In the event of a crash, the journal can be replayed, bringing both data and metadata into a consistent state. This mode is the slowest except when data needs to be read from and written to disk at the same time where it outperforms all others modes. Enabling this mode will disable delayed allocation and O_DIRECT support.

Here I have a few questions, please take a look at it:

  1. Configure data=journal, then the user calls write(), does the write() return after the data is successfully written to the journal, or does it return the user success after entering the pagecache? If it is the latter, it means that the journal is submitted asynchronously, so the meaning of the journal of ext4 is to ensure the consistency of the file system itself, and there is no guarantee that user data will not be lost?

  2. If ext4 submits the journal asynchronously, when will the journal be triggered?

  3. Is there any other file system that allows the journal to be synchronized before write() returns successfully?

According to the results of my local experiments, it is inferred that the journal should be submitted asynchronously.
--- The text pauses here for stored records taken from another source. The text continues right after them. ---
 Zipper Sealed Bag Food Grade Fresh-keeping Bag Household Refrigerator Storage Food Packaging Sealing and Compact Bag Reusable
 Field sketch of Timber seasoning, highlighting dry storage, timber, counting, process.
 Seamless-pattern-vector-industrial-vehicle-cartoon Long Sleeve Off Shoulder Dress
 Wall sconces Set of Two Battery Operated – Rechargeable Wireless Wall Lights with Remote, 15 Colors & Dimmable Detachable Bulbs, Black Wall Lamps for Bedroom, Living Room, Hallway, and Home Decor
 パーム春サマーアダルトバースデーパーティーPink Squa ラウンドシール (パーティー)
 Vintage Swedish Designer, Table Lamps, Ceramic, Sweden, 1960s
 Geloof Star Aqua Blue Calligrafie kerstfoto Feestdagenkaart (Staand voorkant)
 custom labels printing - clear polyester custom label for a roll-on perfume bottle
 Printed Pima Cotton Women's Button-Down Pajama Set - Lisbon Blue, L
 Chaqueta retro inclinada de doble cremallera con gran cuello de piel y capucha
I used a separate ssd partition as journal_dev. When I used fio to test and write files, I found that the io of journal_dev was intermittent, not always having IO.

1

There are 1 answers

0
Anon On
  1. the write() will return the user success after it has entered the page cache (assuming you aren't using any extra options on open()).
  2. At least periodically (see commit= in https://www.kernel.org/doc/Documentation/filesystems/ext4.txt ) and probably before any pending sync/fsync etc are allowed to complete.
  3. No (otherwise it would defeat the point of buffering).

If you were to pass O_SYNC to open() or to do an additional fsync you will learn about when your write made it to stable media as far as the kernel can know.